Segment Start: Dataset excerpts

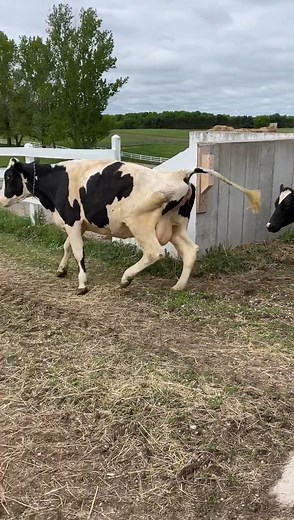 The cows are happy to help make ice cream! The cows are jumping for joy at Moomers Homemade Ice Cream in Grand Traverse County. | UpNorthLive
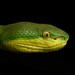 White-lipped Pit Viper - Photo (c) Tom Frisby, all rights reserved, uploaded by Tom Frisby
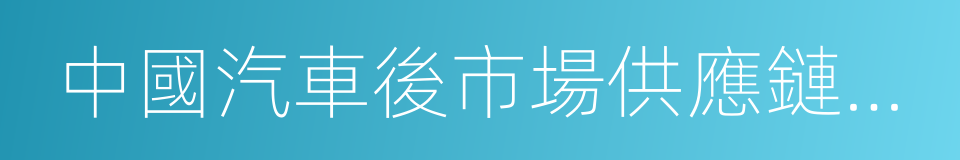 中國汽車後市場供應鏈白皮書的同義詞
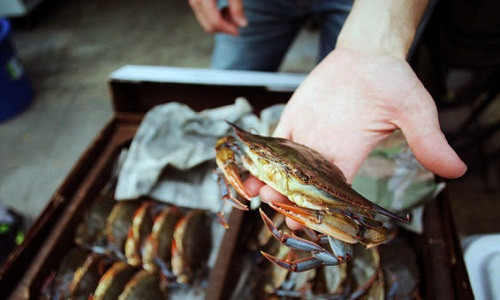 Mẹo đi chợ mua hải sản an toàn đầu năm ảnh 4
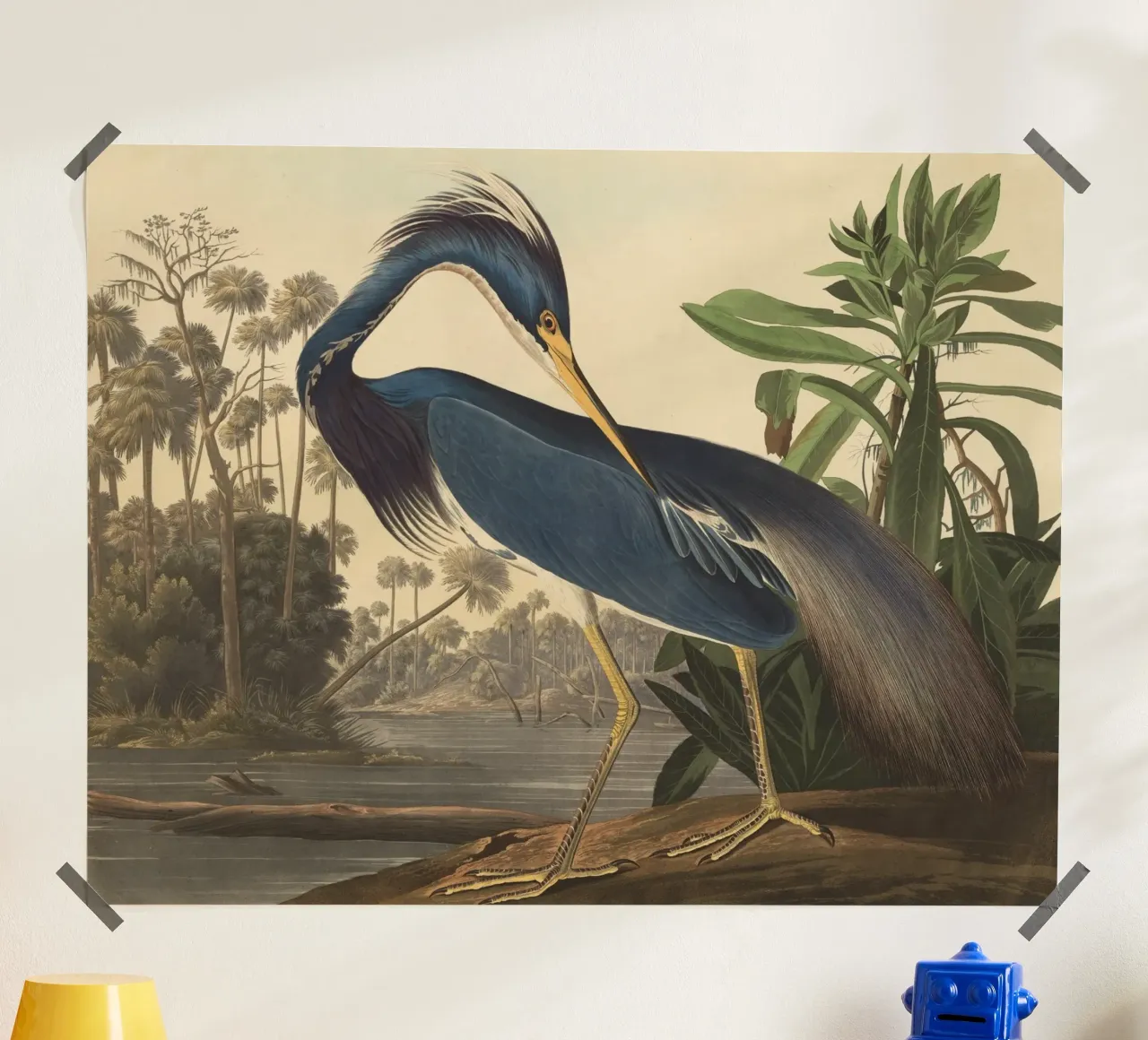 John James Audubon - Airone della Louisiana poster con telaio in alluminio da Timeless Artworks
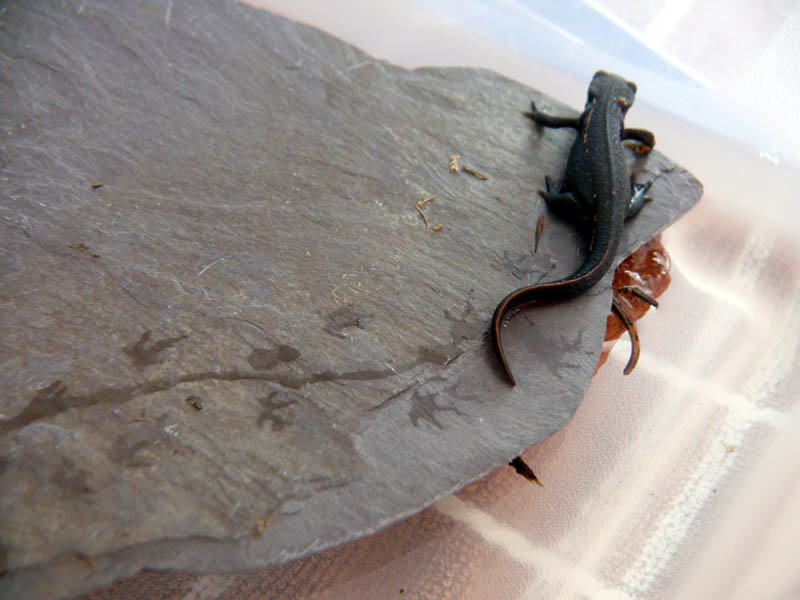 Juvenile Cynops pyrrhogaster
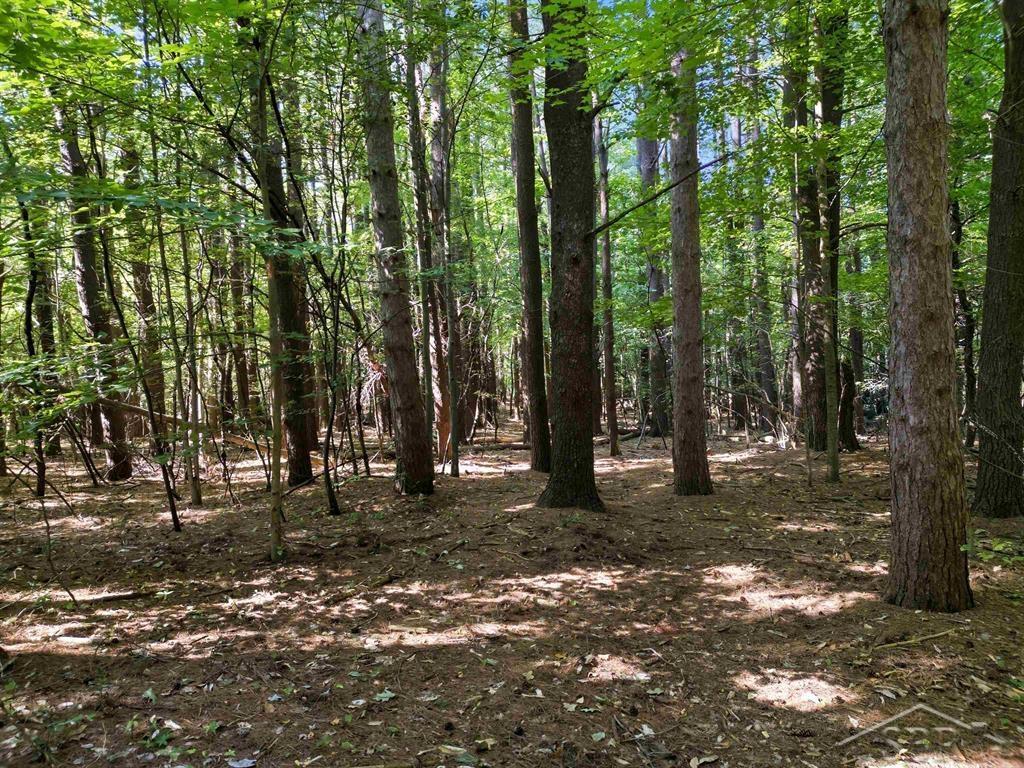 Ville Sandy Ridge Drive Edenville Township MI 48620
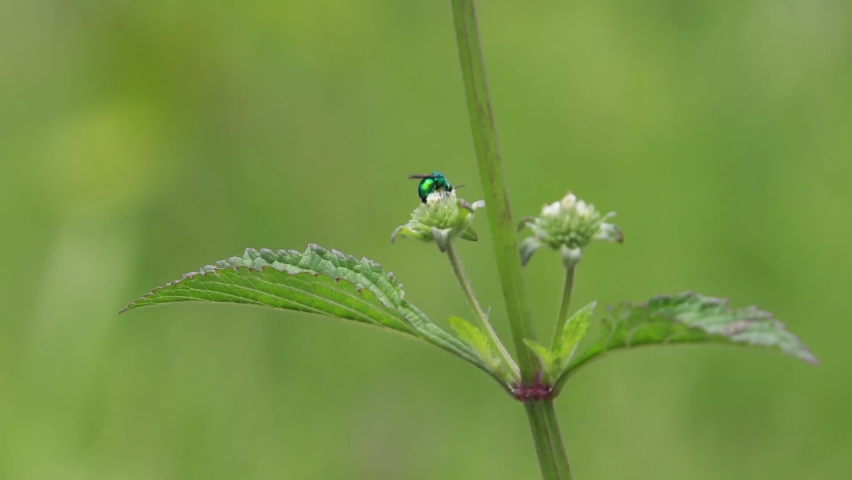 Small wasps, Hymenoptera, Vespidae family, honeybee, black wasp roaming flowers looking for any remaining nectar. There are types of wasps that do not produce honey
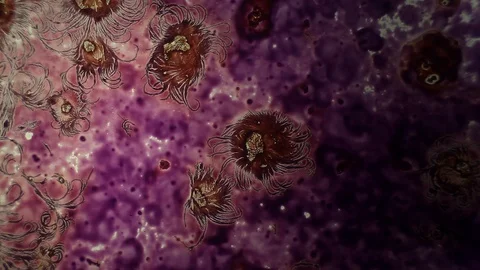 Chemical reaction under microscope Stock Footage 98546434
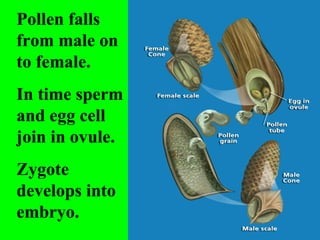 Pollen falls
from male on
to female.
In time sperm
and egg cell
join in ovule.
Zygote
develops into
embryo.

Segment End: Dataset excerpts

> [What you have to do]
Produce a word-for-word copy of the records, omitting all images.

> [Task response]
 The cows are happy to help make ice cream! The cows are jumping for joy at Moomers Homemade Ice Cream in Grand Traverse County. | UpNorthLive
 White-lipped Pit Viper - Photo (c) Tom Frisby, all rights reserved, uploaded by Tom Frisby
 中國汽車後市場供應鏈白皮書的同義詞
 Mẹo đi chợ mua hải sản an toàn đầu năm ảnh 4
 John James Audubon - Airone della Louisiana poster con telaio in alluminio da Timeless Artworks
 Juvenile Cynops pyrrhogaster
 Ville Sandy Ridge Drive Edenville Township MI 48620
 Small wasps, Hymenoptera, Vespidae family, honeybee, black wasp roaming flowers looking for any remaining nectar. There are types of wasps that do not produce honey
 Chemical reaction under microscope Stock Footage 98546434
 Pollen falls
from male on
to female.
In time sperm
and egg cell
join in ovule.
Zygote
develops into
embryo.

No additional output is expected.